IIoT with MQTT and Logisland Data-Historian¶
In the following getting tutorial we’ll drive you through the process of IIoT enablement with LogIsland platform.
Note
Be sure to know of to launch a logisland Docker environment by reading the prerequisites section
docker run -td –name kapua-sql -p 8181:8181 -p 3306:3306 kapua/kapua-sql:0.3.2 docker run -td –name kapua-elasticsearch -p 9200:9200 -p 9300:9300 elasticsearch:5.4.0 -Ecluster.name=kapua-datastore -Ediscovery.type=single-node -Etransport.host=_site_ -Etransport.ping_schedule=-1 -Etransport.tcp.connect_timeout=30s docker run -td –name kapua-broker –link kapua-sql:db –link kapua-elasticsearch:es –env commons.db.schema.update=true -p 1883:1883 -p 61614:61614 kapua/kapua-broker:0.3.2 docker run -td –name kapua-console –link kapua-sql:db –link kapua-broker:broker –link kapua-elasticsearch:es –env commons.db.schema.update=true -p 8080:8080 kapua/kapua-console:0.3.2 docker run -td –name kapua-api –link kapua-sql:db –link kapua-broker:broker –link kapua-elasticsearch:es –env commons.db.schema.update=true -p 8081:8080 kapua/kapua-api:0.3.2
docker run -td –name logisland-historian -p 8983:8983 hurence/chronix:latest
docker run -it –env MQTT_BROKER_URL=tcp://10.20.20.87:1883 –env SOLR_CONNECTION=http://10.20.20.87:8983/solr –name kapua-logisland hurence/logisland:0.12.0 bin/logisland.sh –conf conf/mqtt-to-historian.yml
Note, it is possible to store data in different datastores. In this tutorial, we will see the case of ElasticSearch and Solr.
1. Logisland job setup¶
The logisland job for this tutorial is already packaged in the tar.gz assembly and you can find it here for ElasticSearch :
docker exec -i -t logisland vim conf/index-apache-logs.yml
And here for Solr :
docker exec -i -t logisland vim conf/index-apache-logs-solr.yml
We will start by explaining each part of the config file.

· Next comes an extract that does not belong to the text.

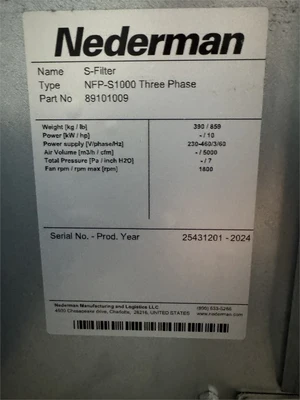 Used 2024 NEDERMAN "NFP-S1000" Dust Collectors Texas US | MachineryMax #1488381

An Engine is needed to handle the stream processing. This conf/index-apache-logs.yml
configuration file defines a stream processing job setup.
The first section configures the Spark engine (we will use a KafkaStreamProcessingEngine) to run in local mode with 2 cpu cores and 2G of RAM.
engine:
component: com.hurence.logisland.engine.spark.KafkaStreamProcessingEngine
type: engine
documentation: Index some apache logs with logisland
configuration:
spark.app.name: IndexApacheLogsDemo
spark.master: local[2]
spark.driver.memory: 1G
spark.driver.cores: 1
spark.executor.memory: 2G
spark.executor.instances: 4
spark.executor.cores: 2
spark.yarn.queue: default
spark.yarn.maxAppAttempts: 4
spark.yarn.am.attemptFailuresValidityInterval: 1h
spark.yarn.max.executor.failures: 20
spark.yarn.executor.failuresValidityInterval: 1h
spark.task.maxFailures: 8
spark.serializer: org.apache.spark.serializer.KryoSerializer
spark.streaming.batchDuration: 1000
spark.streaming.backpressure.enabled: false
spark.streaming.unpersist: false
spark.streaming.blockInterval: 500
spark.streaming.kafka.maxRatePerPartition: 3000
spark.streaming.timeout: -1
spark.streaming.unpersist: false
spark.streaming.kafka.maxRetries: 3
spark.streaming.ui.retainedBatches: 200
spark.streaming.receiver.writeAheadLog.enable: false
spark.ui.port: 4050
The controllerServiceConfigurations part is here to define all services that be shared by processors within the whole job, here an Elasticsearch service that will be used later in the BulkAddElasticsearch
processor.
- controllerService: elasticsearch_service
component: com.hurence.logisland.service.elasticsearch.Elasticsearch_5_4_0_ClientService
type: service
documentation: elasticsearch service
configuration:
hosts: sandbox:9300
cluster.name: es-logisland
batch.size: 5000
Inside this engine you will run a Kafka stream of processing, so we setup input/output topics and Kafka/Zookeeper hosts.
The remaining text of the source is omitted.